Assigned task:
Where the line containing "Rising to Fame: Alia" appears in the records below, begin there and repeat each line exactly through the final one, dropping all pictures.

(Given records begins)

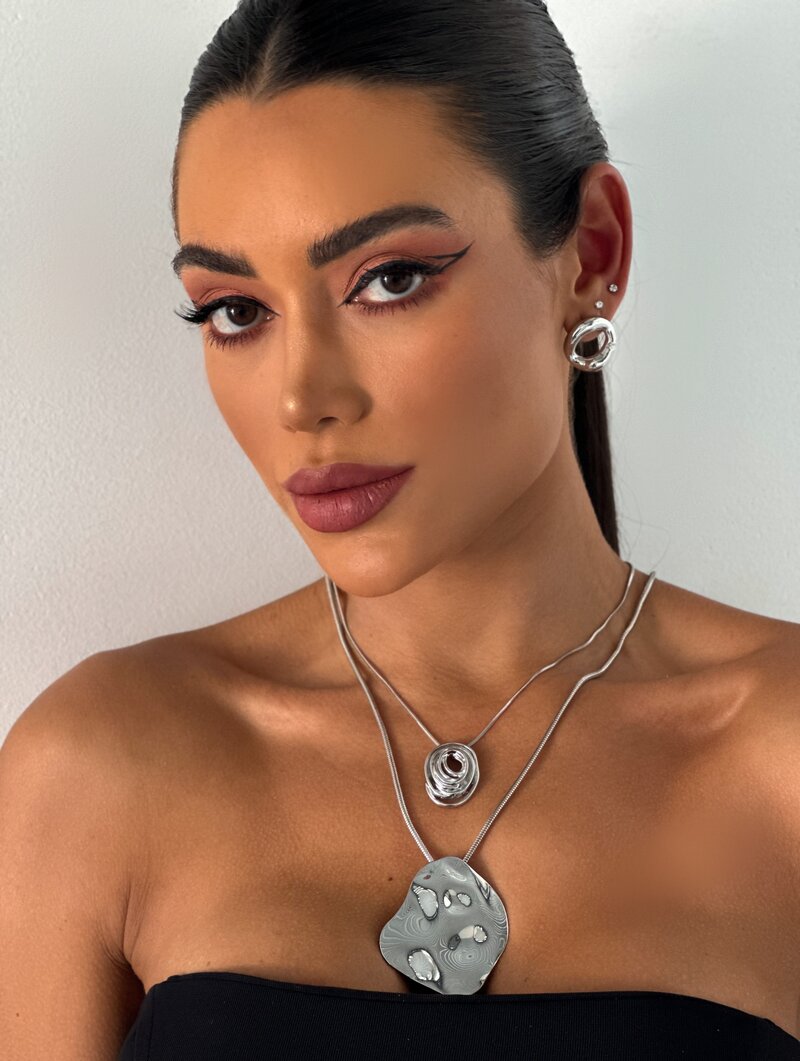 Colar Duplo Folheado a Ouro 18k e Prata Rabo de Tatu e Pingentes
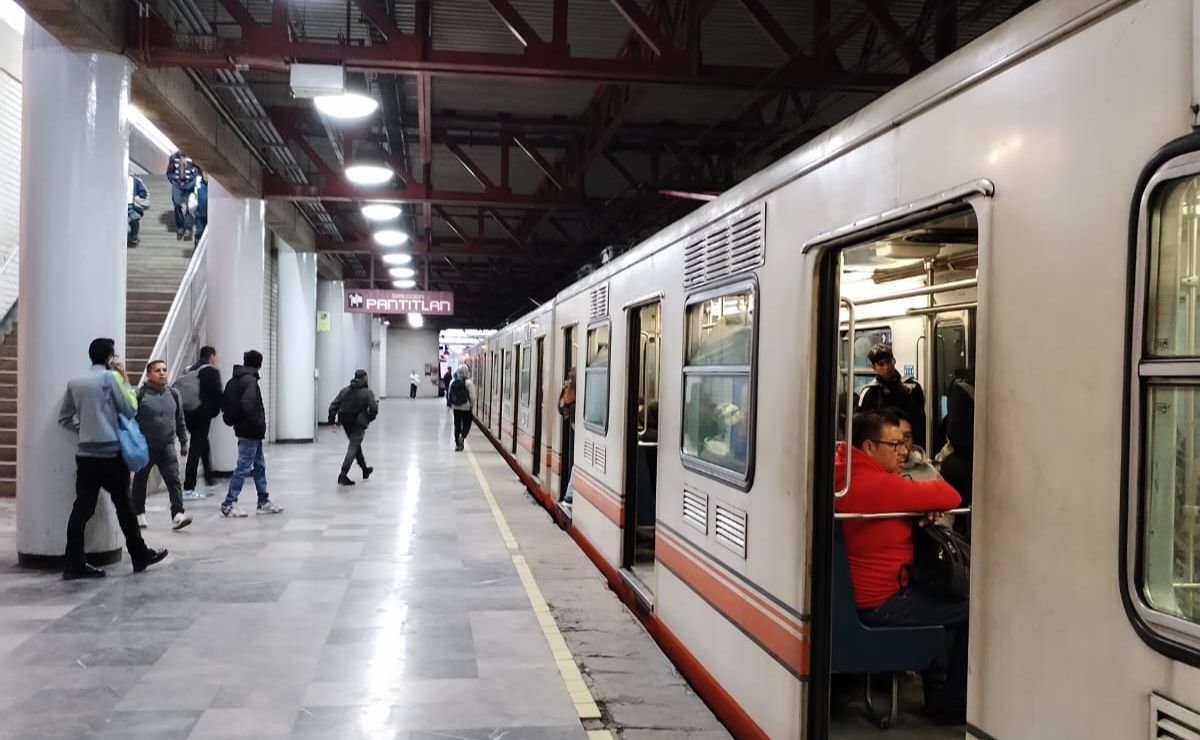 Metro CDMX, con retraso en dos líneas por revisión a trenes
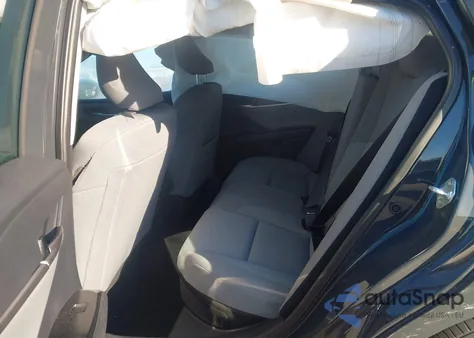 2025 Toyota Camry Le z USA, uszkodzony, nr VIN 4T1DAACK3SU580076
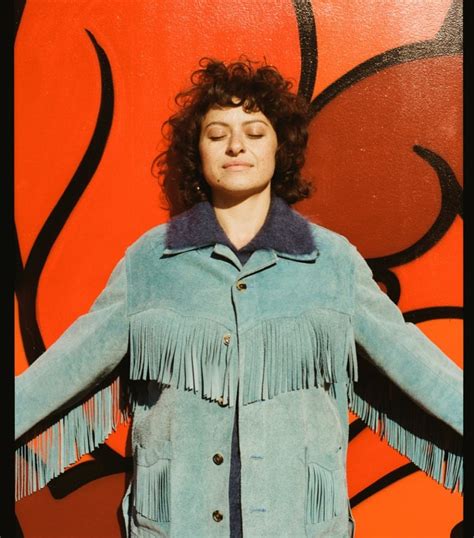 Rising to Fame: Alia Shawkat's Journey in the Entertainment Industry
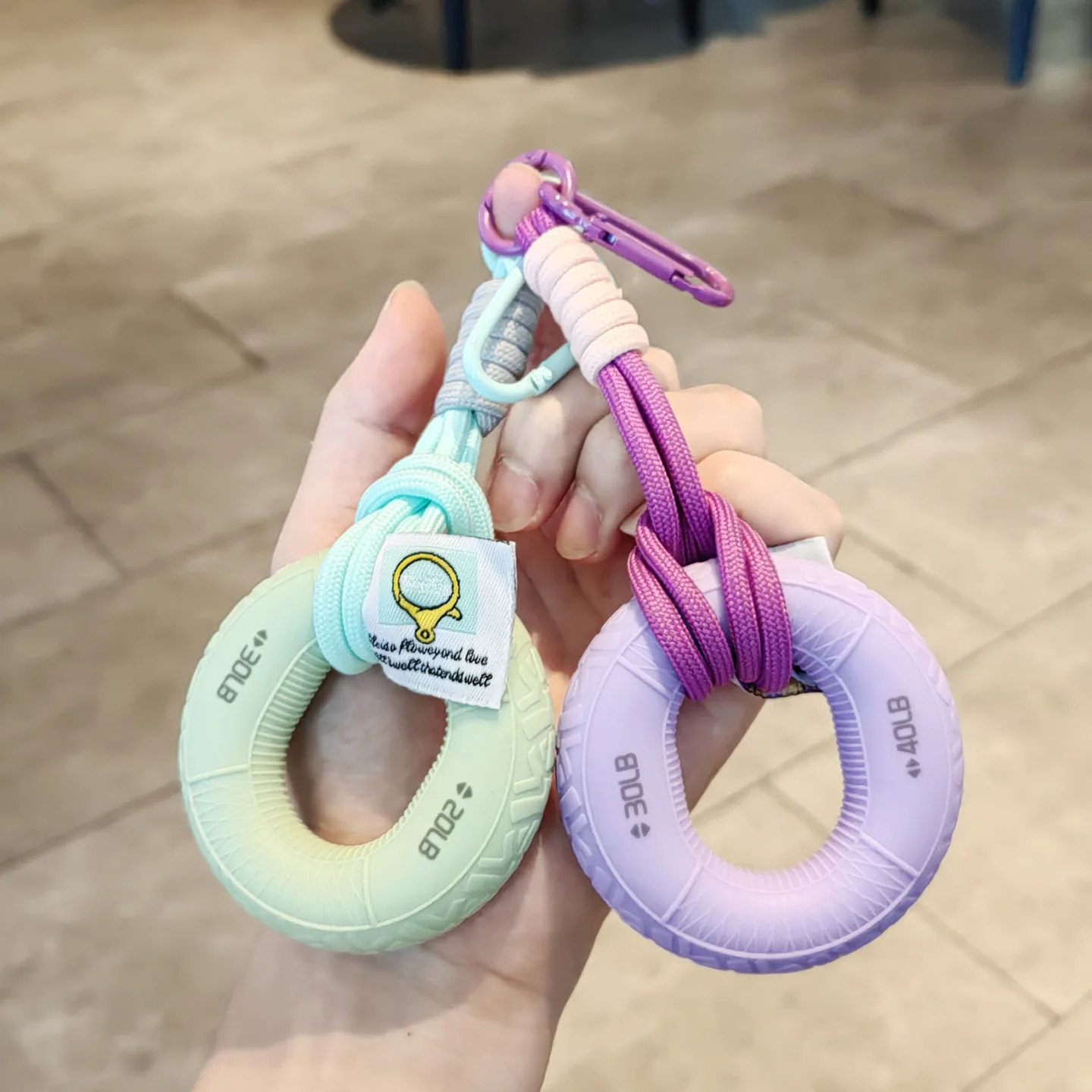 Silicone Grip Strength Trainer Keychain, Portable Hand Grip Exerciser Anti-Stress Squeeze Ring for Fitness & Car Keys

(Given records ends)

Solution to the problem:
 Rising to Fame: Alia Shawkat's Journey in the Entertainment Industry
 Silicone Grip Strength Trainer Keychain, Portable Hand Grip Exerciser Anti-Stress Squeeze Ring for Fitness & Car Keys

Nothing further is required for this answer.